Revised Constraints on the Fast Radio Burst Population from the First CHIME/FRB Catalog

Abstract

In this paper, we investigate the fast radio burst (FRB) population using the first CHIME/FRB catalog. We first reconstruct the extragalactic dispersion measure–redshift relation (DME–z relation) from well-localized FRBs, then use it to infer the redshift and isotropic energy of the first CHIME/FRB catalog. The intrinsic energy distribution is modeled by the power law with an exponential cutoff, and the selection effect of the CHIME telescope is modeled by a two-parametric function of specific fluence. For the intrinsic redshift distribution, the star formation history (SFH) model and five other SFH-related models are considered. We construct the joint likelihood of fluence, energy, and redshift, and all the free parameters are constrained simultaneously using the Bayesian inference method.

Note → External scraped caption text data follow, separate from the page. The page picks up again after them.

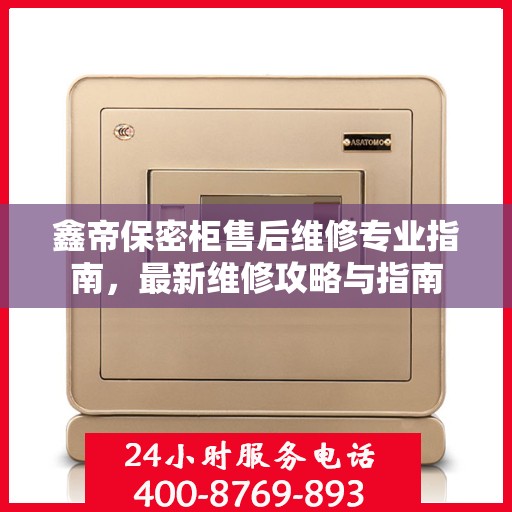 鑫帝保密柜售后维修专业指南，最新维修攻略与指南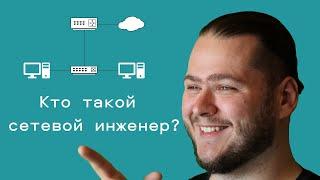 Кто такой сетевой инженер?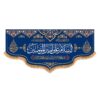 راية إسلامية شيعية - تصميم السلام عليك أمير المؤمنين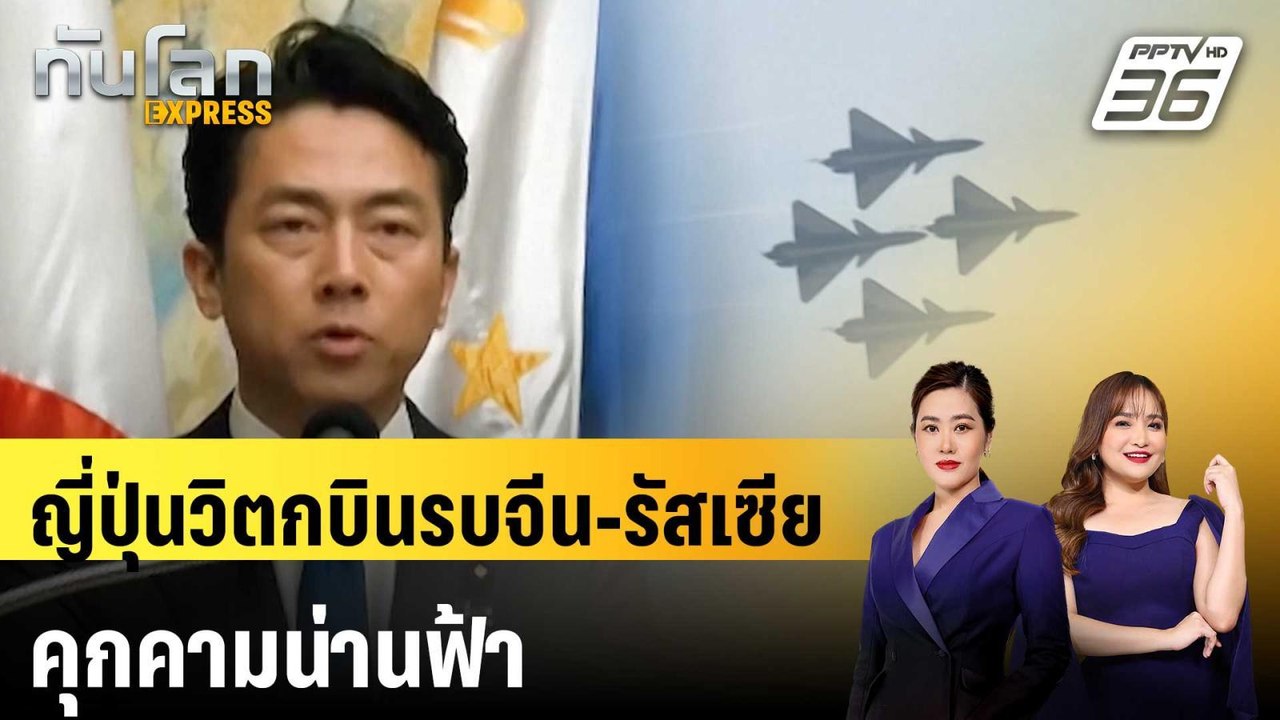 ญี่ปุ่นวิตกบินรบจีน-รัสเซีย คุกคามน่านฟ้า|ทันโลก EXPRESS |26 พ.ค. 69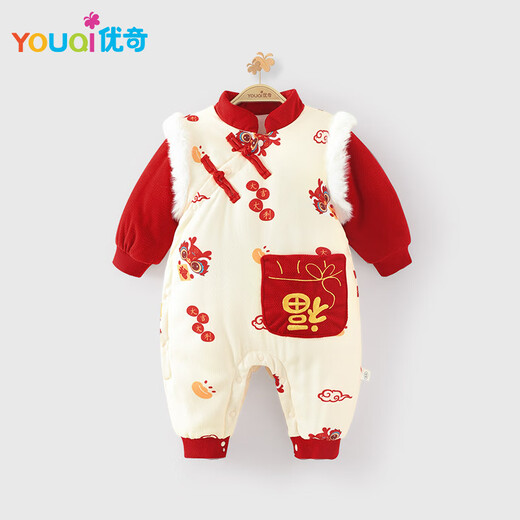 Youqi full-moon baby clothes autumn and winter baby New Year's celebration jumpsuit warm and thickened 100-day one-year-old dress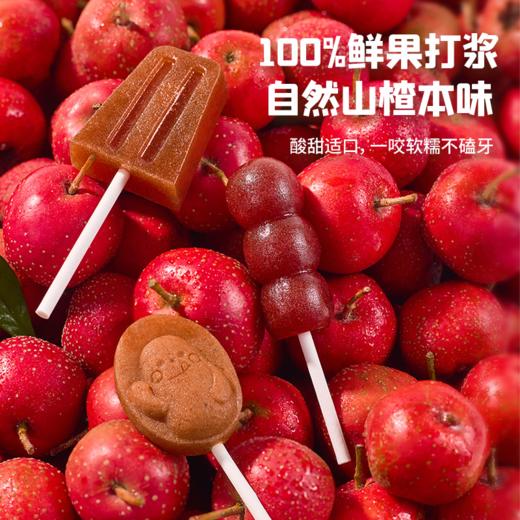 【品牌直发】英氏/忆小口零辅食57元到手7件（买3送4  | 自选3正装再送4件赠品） 商品图9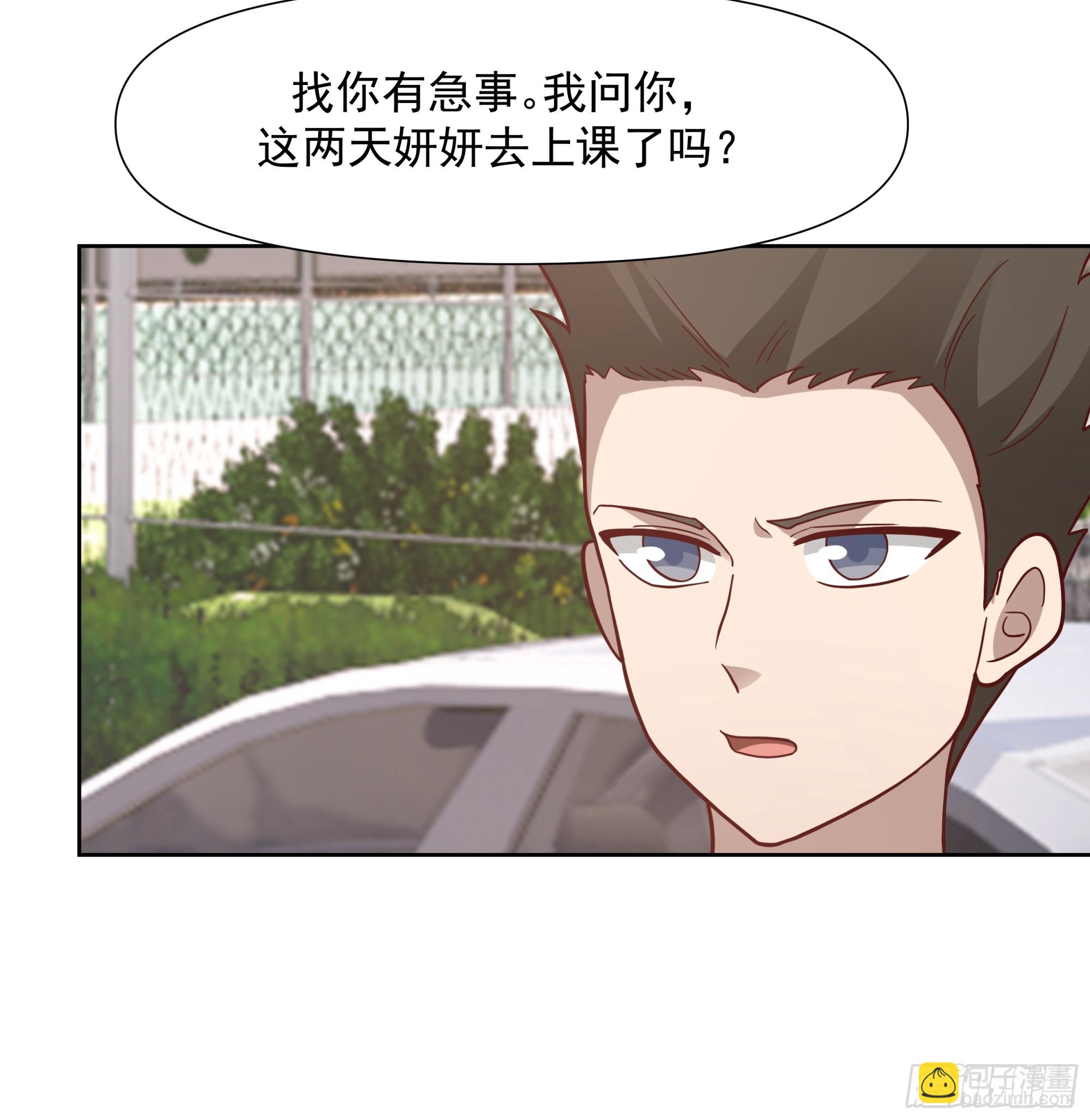 🍘我真没想重生啊 为情所困的男人们 第21页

The Bayesian information criterion (BIC) is used to choose the model that best matches the observational data. For comparison, we fit our models with two data samples, i.e., the Full sample and the Gold sample. The power-law index and cutoff energy are tightly constrained to be 1.8 ≲ α ≲ 1.9 and log(Ec/erg)≈42 , which are almost independent of the redshift distribution model and the data sample we choose. The parameters involving the selection effect strongly depend on the data sample but are insensitive to the redshift distribution model. According to BIC, the pure SFH model is strongly disfavored by both the Full sample and Gold sample. For the other five SFH-related redshift distribution models, most of them can match the data well if the parameters are properly chosen. Therefore, with the present data, it is still premature to draw a conclusion on the FRB population.